Il suo decreto legge appare ora come il colpo di coda di questa “rivoluzione” dei Beni culturali avviata con la sua riforma. È così che dobbiamo interpretarla?

«Serve precisare un aspetto doveroso. Le proteste dei sindacati hanno il loro fondamento. Che ci siano lavoratori che da mesi aspettano ancora gli straordinari dovuti, è vero. Hanno ragione. Ma come i sindacati del settore dei Beni culturali già sanno, io mi sto impegnando. Non mi pare però questo un motivo sufficiente per tenere i turisti in fila e fare un danno di questo tipo al Paese. Certo, di fronte all'ennesima immagine del Colosseo chiuso, viene il dubbio che ci sia qualche forma di resistenza verso tutti i cambiamenti che stiamo mettendo in atto».
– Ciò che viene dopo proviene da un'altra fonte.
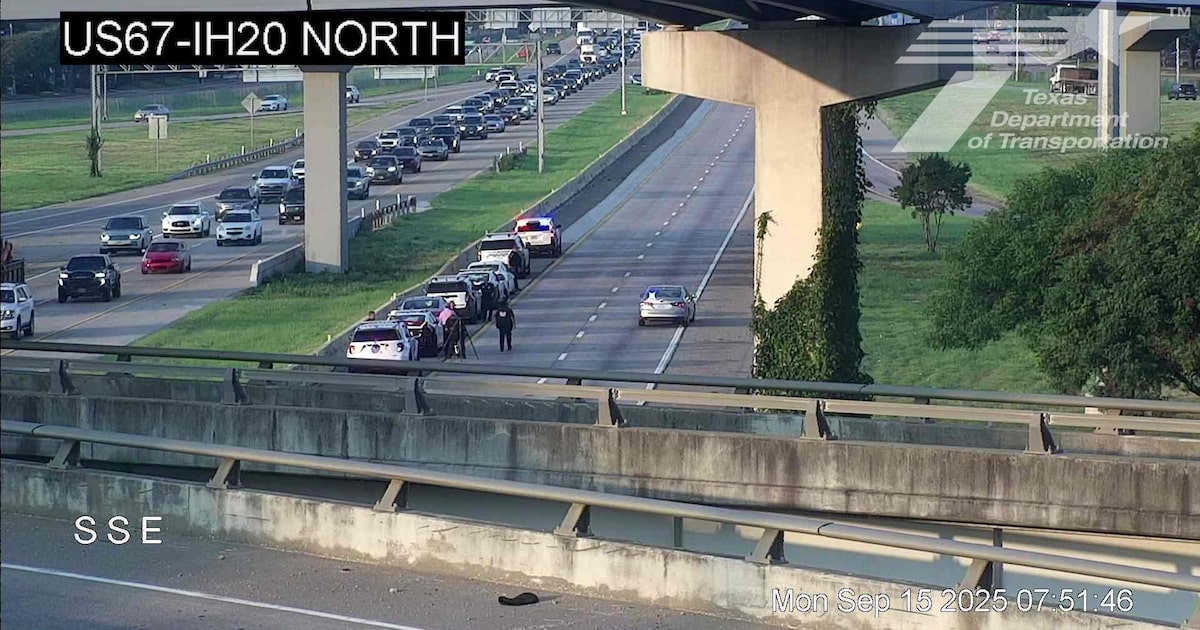 Highway lanes reopen after fatal crash near Dallas-Duncanville border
Tra i vari punti all'ordine del giorno dell'assemblea sindacale, c'era il mancato pagamento del salario accessorio per gli straordinari del 2014 e del 2015.

«Come ho detto, sto lavorando perché nella Legge di stabilità ci sia una norma che risani il ritardo di questi pagamenti. Dirò di più: mentre erano in assemblea era in corso un incontro tra i miei tecnici dei Beni culturali e quelli dell'Economia esattamente per risolvere questo problema»

È indubbio che da ministero “di nicchia” i Beni culturali siano diventati un ministero in evoluzione, con ambizioni, almeno sulla carta, da strategia economica per l'Italia. Però, tanti sono i malumori diffusi nel personale, tante le criticità che sembrano permanere.


«I cambiamenti innescano sempre reazioni. Se cresce questa struttura, cresce il valore dei musei, crescono i posti di lavoro, cresce l'indotto del Paese. È una cosa positiva. Naturalmente come tutte le riforme bisogna toccare situazioni acquisite. E queste fanno resistenza. Per esempio, sto lavorando per mettere in regola con trasparenza tutti i servizi aggiuntivi nei musei. Voglio rinnovare i concessionari privati in modo che tutti i servizi nei musei siano efficienti».

Il Soprintendente archeologico di Roma Francesco Prosperetti ha dichiarato che si è tratto solo di un'apertura ritardata, regolarmente annunciata, impossibile da evitare nel rispetto dell'attività sindacale.

«Mi sfugge la differenza tra chiusura e apertura ritardata. Francamente, mi posso concentrare per capirla, ma non la capisco. Detto questo, è vero: sono state rispettate le regole per la convocazione dell'assemblea sindacale, e nessuno contesta questo. Ma siccome il risultato è quello che abbiamo visto, col Colosseo chiuso al pubblico, vogliamo cambiare le regole. Il decreto approvato non toglie nulla al diritto sindacale, ma garantirà il servizio al pubblico».

L'ex soprintendente storico Adriano La Regina ha criticato la chiusura del Colosseo, sottolineando la possibilità di mettere in campo soluzioni alternative.

«Infatti le nuove regole indicate dal decreto si avvicinano a quello che dice La Regina. L'assemblea sindacale si può sempre fare, ma entrano in campo procedure per cui il garante per gli scioperi dovrà discutere con i sindacati le condizioni dell'assemblea».